By Kevin T. Dugan | Photographs for Zaydee Sanchez for WSJ
In her pop-art decorated office in the heart of Beverly Hills, real-estate broker Rochelle Maize got an early look at who would control the future of the Pacific Palisades.
It was eight days after the wildfires broke out -- before Los Angeles Mayor Karen Bass had appointed a recovery czar, before rebuilding plans had been drawn. Fires still burned, and the air was putrid with the ashes of thousands of torched homes. Even then, the power of California's insurance companies was becoming evident to Maize.
Her clients buy and sell mansions in crown-jewel neighborhoods where listings bottom out around the single-digit millions. Many pay in cash. But after the Palisades fire, deals in the area kept falling through. One client wanted to go ahead with a seven-figure purchase, risk be damned, even if he had to be self-insured -- meaning he would proceed without a policy.
It's in a great area, Maize recalled the client saying. I'm just willing to take the risk. She thought that was crazy.
The question for Los Angeles isn't so much how to rebuild the Palisades, a coastal community that is home to some 21,000 people, but who pays if it burns again.
"Writing new policies doesn't make any sense at this time," State Farm General, California's largest property insurer, wrote Tuesday to the state insurance commissioner. To shore up its finances, the company is seeking permission for a 22% rate increase for 1.2 million homeowners.
The state's fire-recovery dilemma was aired at a recent meeting on the third floor of an office building in Oakland, Calif. Insurance commissioner Ricardo Lara convened executives from State Farm and Consumer Watchdog, a nonprofit advocacy group. By then, the scale of damage from the January wildfires was more clear, around $250 billion.
Lara began the meeting by lamenting a state law dating back to former Gov. Ronald Reagan's second term, known as Proposition 103. It was intended to make insurance more affordable by limiting rate increases. Disastrous wildfires, floods and earthquakes followed in the decades since. The law allows insurance premiums to go up no more than 6.9% for homeowners without a public hearing.
"I face the task of regulating an insurance market operating under outdated regulations that have not been significantly reformed since the passage of Prop 103 in 1988," Lara said at the meeting. "This outdated regulatory structure has hindered insurers from actively reflecting the true cost of doing business in California."
For most homeowners, insurance is the price one pays to not worry about the worst. But California's consumer protections exposed a stark problem. Proposition 103 effectively offset the true cost of living in some of the state's most exclusive, high-risk neighborhoods.
"If the insurance commission prohibits insurers from charging a certain amount of money, insurance companies will say no, and then you're left with people who self-insure," said Richard Green, the chair of the University of Southern California's Lusk Center for Real Estate.

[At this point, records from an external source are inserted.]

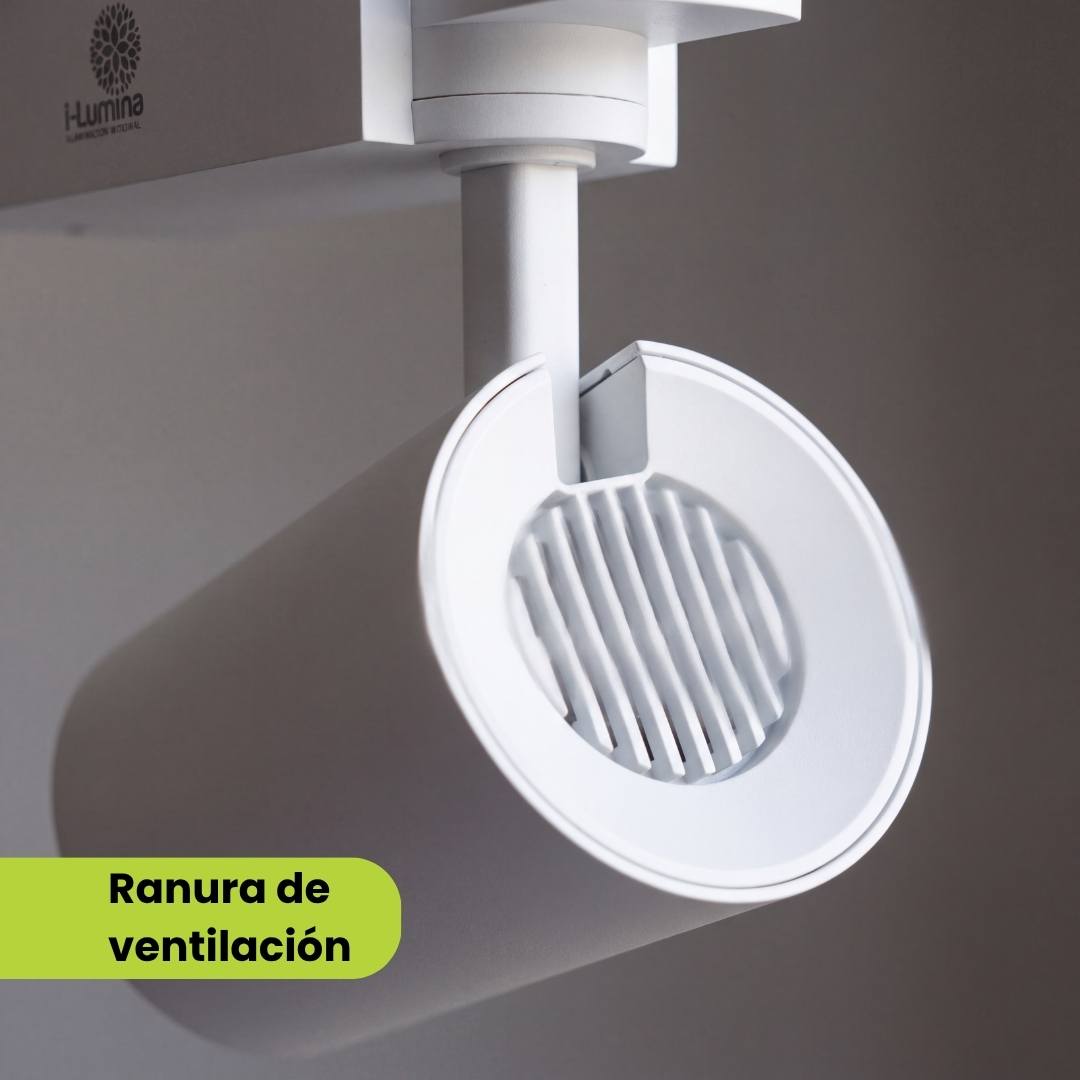 Tapa trasera con rejilla de ventilación del spot LED de riel ROXY White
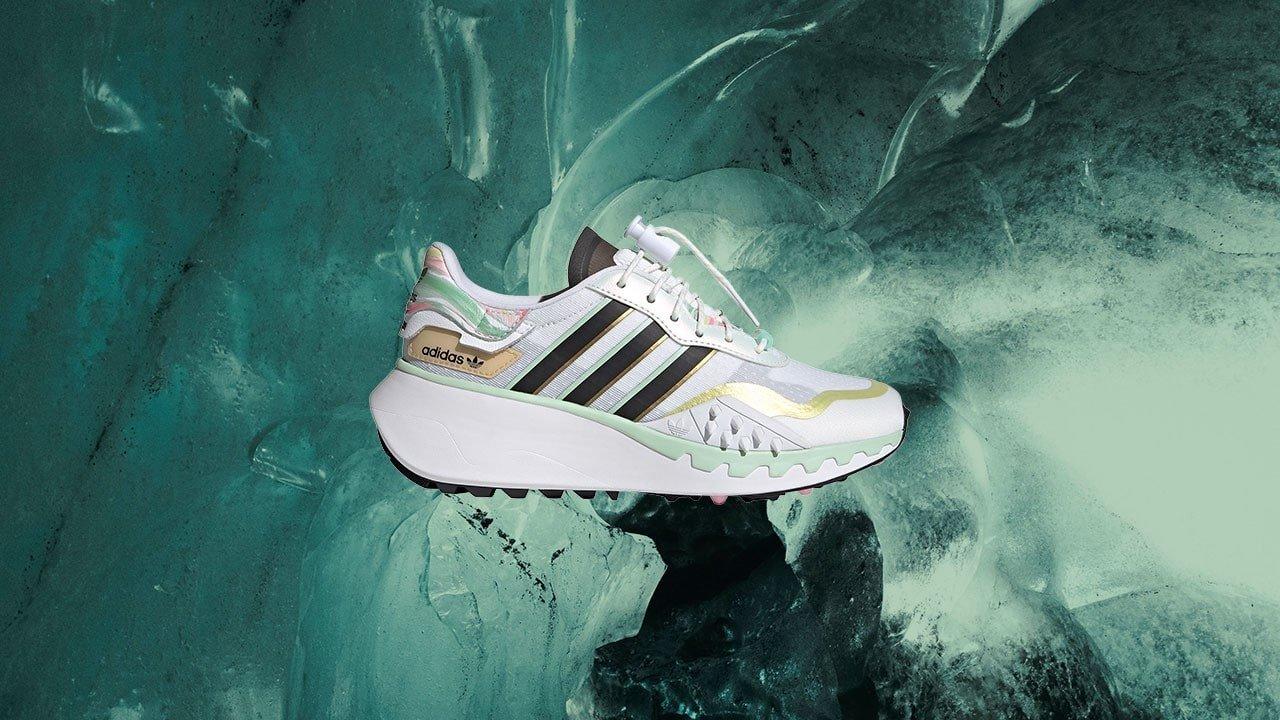 Green adidas 2024 womens sneakers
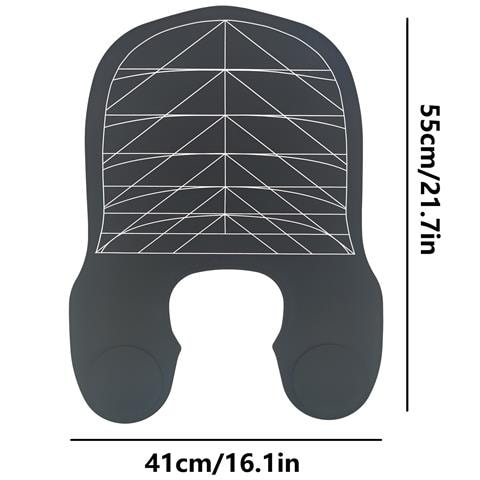 Mantella Da Taglio Per Capelli In Silicone, Mantello Da Barbiere Professionale Per La Colorazione Dei Capelli, La Tintura Dei Capelli, Il Taglio E L'acconciatura Black - Foto 6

The L.A. recovery plans under way are supposed to help mitigate insurers' concerns, such as requiring fire-resistant building materials and restricting homeowners from planting more flammable shrubs. The proposals have set off political squabbles over residential density and affordability, disagreements complicated by California's housing shortage.

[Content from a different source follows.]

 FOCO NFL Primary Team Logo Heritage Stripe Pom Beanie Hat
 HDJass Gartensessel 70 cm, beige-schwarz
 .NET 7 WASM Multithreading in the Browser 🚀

Yet the city's rebuilding plans might not matter much, at least until the state and its insurers decide if risky stretches of California's most desirable real estate are safe enough for human habitation.
This account is based on public documents and interviews with real-estate brokers, academics, city officials, property-development executives, attorneys and displaced residents.
"It's not just about the Palisades," said Stuart Gabriel, a professor of finance and real estate at UCLA Anderson School of Management.
"It's clearly about risks that extend well beyond specific fire zones," Gabriel said. "It's also about the very basis of insurance, which is spreading the cost of risk. And so it has implications for every single homeowner in California."
High-end, high risk
The January wildfires included the Eaton fire, a blaze that destroyed more than 6,500 homes in Altadena, Calif., about a 35-mile drive east of the Palisades. Los Angeles County, which governs the unincorporated inland community, is taking the lead on writing a recovery plan there. Like the Palisades' effort, it is a massive undertaking.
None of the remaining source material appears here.